Saying that Aslan, a Muslim, cannot write a book about Jesus is like saying that a Christian Old Testament scholar cannot write a book about Moses. Because Moses was a Jew, and Jews have for centuries been persecuted, murdered and castigated as Christ-killers by all of Christendom. In the middle of the last century Christian Germans stood by and watched Hitler commit genocide against Jews, largely because of that antisemitic religious sentiment. The only reason fundamentalist Christians seem to tolerate Jews these day is that the return of the Jews to Jerusalem is a prerequisite for the End Times, when the Antichrist attacks Israel. Yes, Christians want to see Israel restored so that millions of Jews can be killed.

Monotheistic religions are sort of like releases of operating systems. Judaism is Monotheism 1.0. The Pharaoh Akhenaten's worship of the solar deity Aten was Monotheism 1.1. Christianity is Monotheism 2.0, with a little polytheism thrown in with the Trinity. Roman Catholicism is Monotheism 2.1, and Eastern Orthodoxy is Monotheism 2.2. Islam is Monotheism 3.0, with the polytheism taken out again. Protestantism is Monotheism 2.1.5, with the indulgences taken out. There are hundreds of branches of Christianity, with all sorts of heretical beliefs. Mormonism comes in at about Monotheism 2.1.9.1, with the reintroduction of polygamy and polytheism on a massive scale, then there's Monotheism 2.1.9.2, which is Mormonism with polygamy taken out again, but all the polytheism.

What's most revealing about the Fox interview with Aslan is the utter rejection of the very possibility of scholarly research. In the minds of the Fox anchors, editors, producers and viewers, it is only possible to write books that are either outright attacks against Jesus or a glowing hagiography praising him. In their minds a Muslim cannot write a fair biography about the life and times of the historical Jesus, just as a Democrat could not possibly write an objective biography of Ronald Reagan (even though millions of Democrats voted for Reagan).

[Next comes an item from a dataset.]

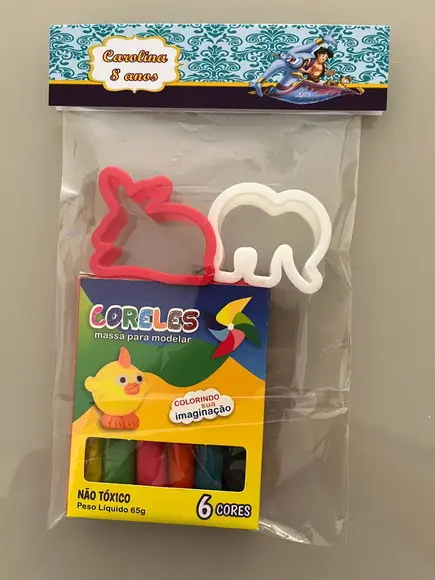 Kit Massinha Personalizada Aladdin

This reveals everything you need to know about Fox News: their motto of "fair and balanced" is completely false. They don't believe it's ever possible to be objective about anything. And the interview with Aslan proves the point: Fox News cannot give a Muslim a fair interview: they're just interested in pushing a false narrative that hews to their preconceived notions that Muslims hate Christians.

This is why they and their viewers reject scientific research that disagrees with their political agenda. Because they are innately incapable of separating their own beliefs and prejudices from facts, they believe it is impossible for others to do so. They feel scientists are constantly attacking them by producing evidence that conservatives are wrong, when the scientists are just reporting the facts they're finding. You can tell this is so because so many scientists frequently report findings that show that their own conclusions were incorrect. Unlike conservatives, most scientists admit it when they're wrong.

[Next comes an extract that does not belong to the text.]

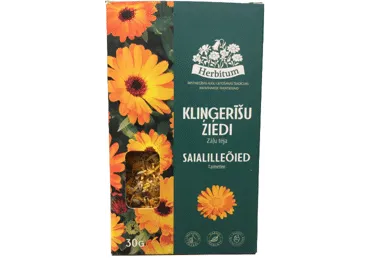 Zāļu tēja HERBITUM kliņģerīšu ziedi 30g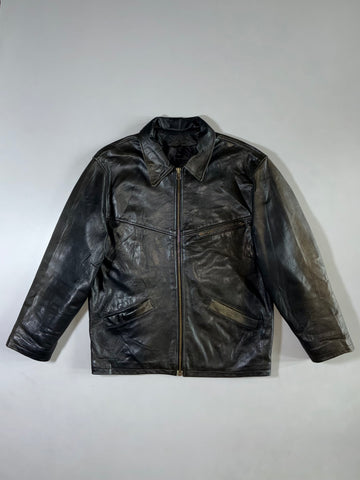 Akoury Cuirs Premium Original Leather Jacket (Xl)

This also shows why Fox News is so dangerous: they are constantly selling the false narrative that Christianity and Islam are at war. They want to take the immoral actions of a few Muslim terrorists and besmirch the honor and motives of all Muslims. This is what's so evil about the conservative worldview: everything is a battle to death and no one should be given any quarter.

It can be difficult to keep your beliefs from coloring your language when you write about something. But as long as a writer discloses his personal history and potential conflicts of interest, and includes citations to other works upon which the research is based -- which Aslan does -- the reader will be fully aware of the possible slant and take it into account.

But what's really funny is that all Fox News really did with that hatchet job was make Reza Aslan richer. Zealot had climbed to the #1 spot on Amazon.com by Sunday, and Random House has ordered another 50,000 copies be printed.